Her athletic skills are undeniable: The Polson senior is two-time all-state in volleyball, and her talent as an outside hitter landed her a partial scholarship to Division II Montana State-Billings.
If that’s a high point, the low point was a little over a year ago, when she fell to the track at the Missoula Invitational. She’d been fighting illness all spring.
“You look gray; you’re ashen,” track coach Bob Gunderson would say.
“It’s just a cold,” she’d reply.
A trip to the emergency room convinced her it was something else.
“It just was a nightmare,” said Davey, who competed in a triangular meet at Missoula County Stadium on Tuesday. “It was really scary; I had no idea what was wrong with me.”
It was mono, an illness for which she’d been tested before. The second test came back positive, and so it was another four months or so before the ultra-active Davey competed again.
That’s pretty rough territory for a three-sport standout.
“The hard part was she went to state with us,” Polson track coach Bob Gunderson said. “She was cleared to run the week of divisionals; she just hadn’t trained.
“So I took her as an alternate on the short relay. And then when our relays ran she’d just be sitting there crying, because she couldn’t run. I felt so bad for her.”
When Davey was a sophomore, she and a core of athletes that included Sierra Pete, Redcrow, Breanne Kelley, Loni Havlovick and Tara Johnson – there was just one senior, Merilee Mowbray – led Polson to the 2008 State A track and field championship.
The Pirates have been star-crossed since.
“They have never all been healthy at any one time,” complained Gunderson, who is missing Pete, out with a torn ACL, this spring.
On Tuesday the Pirates looked formidable, though they ran a distant second to the powerful Big Sky Eagles. Davey won the pole vault and finished second in the 300 hurdles to Big Sky’s Morgan Struble.
It’s in those two events that Davey, who says, “On a good day I’m 5-foot-10, but I’m really 5-9,” could excel at the next level. MSU-Billings has left the door open for her to try two sports.
“She could be a really good vaulter,” Gunderson said. “She’s tall, she’s fast, and she isn’t afraid of anything.”
Except, perhaps, losing time.
“She says she’s slow,” Gunderson says, smiling. “She keeps telling me she’s an old lady.
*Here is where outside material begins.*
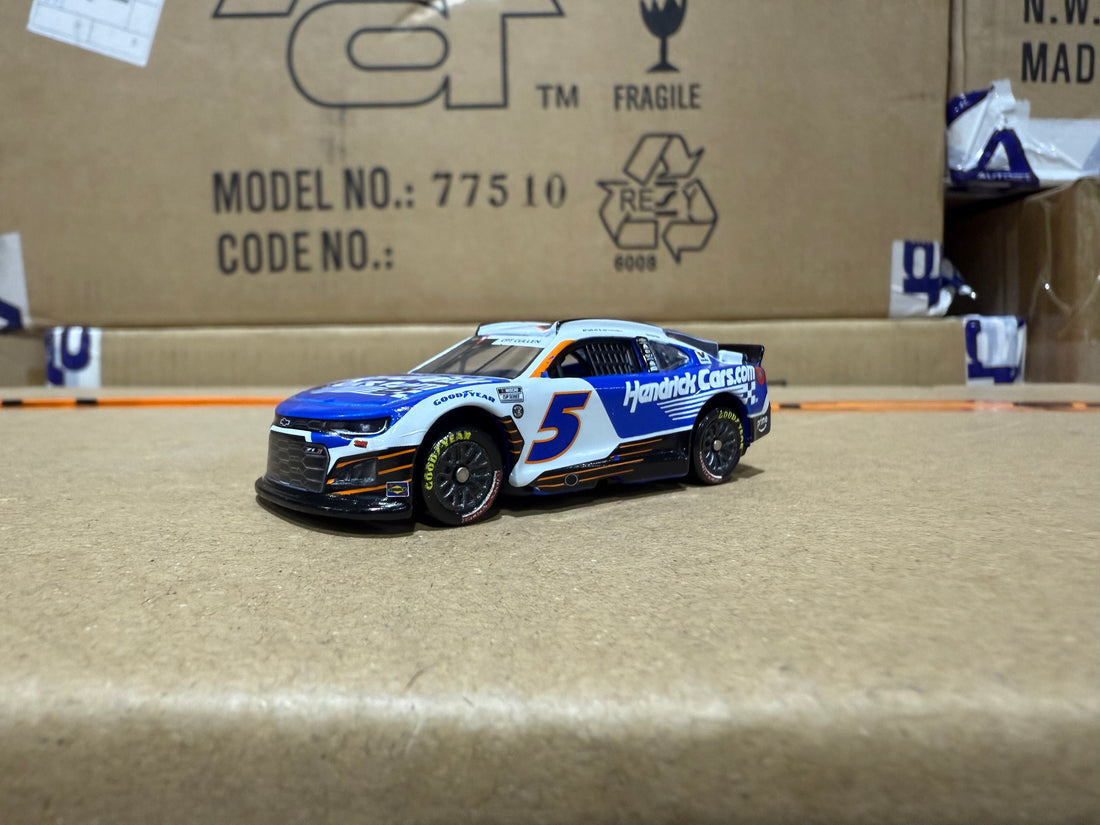 KYLE LARSON 2025 HENDRICKCARS.COM H1100 1:64 SCALE ARC DIECAST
She’s 18.”
Gunderson makes no qualms about what Davey would’ve meant last Memorial Day weekend, when Polson finished two points behind second-place Hamilton and 25 behind state champion Belgrade at the state meet.
Davey scored 30 points at state in 2008.
“People ask me if I missed her,” Gunderson said. “I say, ‘I’m just going to enjoy this year a lot.’ ”
Davey is too. Tuesday she anchored the final race of the day, the girls’ long relay. She caught Big Sky anchor Elle Tinkle at the tape, giving the Pirates a time of 4:12.31.
No tears this time.
“It’s my favorite race,” said Davey. That’s why watching Billings Central knock Polson back to second in last year’s four-by-400 hurt so much.
“It’s all right,” she said Tuesday. “We’ll come back and get ’em this year, hopefully.”